# Play It Again, Sam: Horror Movies That NEED To be Remade.



## Sinister (Apr 18, 2004)

With the remaking craze that has been going on in the last couple of years, I thought it time to bring up the subject. We've already discussed *Texas Chainsaw Massacre* and *Dawn of the Dead* (I actually see this as a "re-visioning" than a remake) and there are more on the way. What about films YOU PERSONALLY think need to be remade? Films that sucked major ass the first time around that could definitely go back for better celluloid treatment. Maybe they didn't particularly suck, but could have been much better. Here go some candidates I think somebody needs to get on the ball and get rolling with, like right now:

1. *Exorcist II: The Heretic.* Quite possibly the worst sequel in existence today. I'm hard pressed to come up with another. If I had my way with it, I'd make it take place well after the first one and have Regan with a child that manifests the same behaviour as she did when the signs of her possession came about. Linda Blair would still be right for reprising the role as Regan. Hell, it could take a whole different turn, where it doesn't even have to do with her, just find a great director a half-way decent script and actors who aren't complete idiots. It could work.

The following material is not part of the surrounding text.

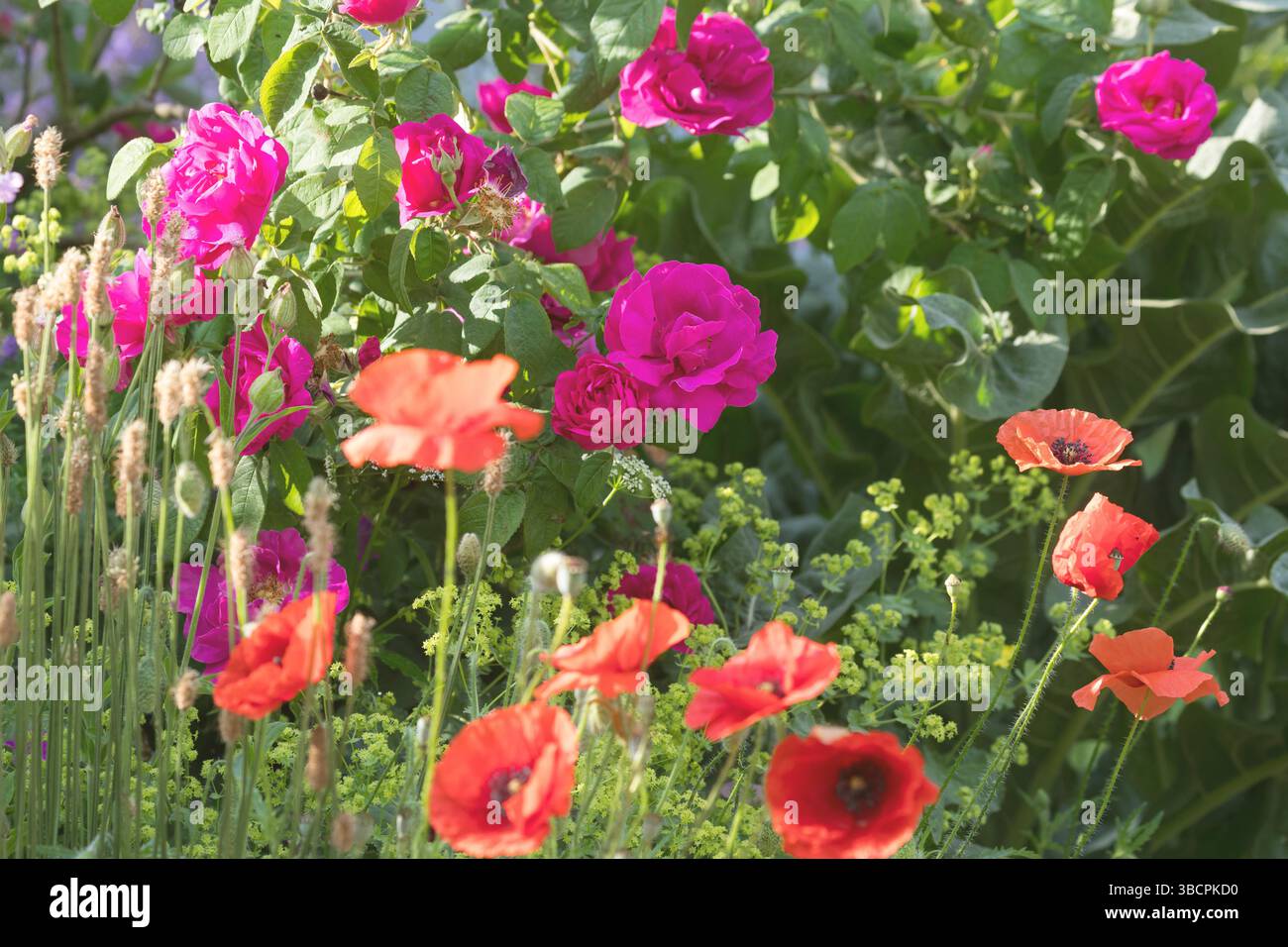 Rosa dell'Apothecary (Rosa gallica 'Officinalis', Rosa gallica officinalis, Rosa officinalis), fiorita nel giardino naturale, papavero in primo piano Foto Stock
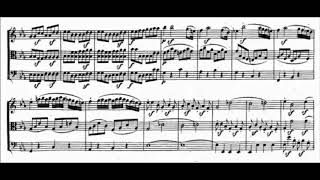 Beethoven  The Complete String Trios [upl. by Mukerji]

2. *Warlock III: Innocence.* Disavow this movie completely. Without Julian Sands, there is no Warlock. Despite what Zombie-F thinks about him, Sands is cool as hell in this role; it's a character he was born to play.

3. *Needful Things.* One of my all-time favorite books by Stephen King, and one of the absolute worst film adaptations of his books IMHO. They just dropped the ball on this in so many ways that it would comprise a thread in itself to describe them.

4. *Alien 3.* They had no right killing off the surviving characters in *Aliens,* replacing them with characters who would be simple background characters in even a low budget film. No guns in an *Alien* movie?!? Granted, Sigourney Weaver had this thing against them during the filming of this, but that didn't seem to stop her from starring in *Alien Resurrection.* and there were firearms galore in that one. These Hollywood types ALWAYS flock under the banner of a "humanist" causes when one comes up just to make themselves look good. I'll bet if you look back when this film was being made there was an issue about gun control afoot.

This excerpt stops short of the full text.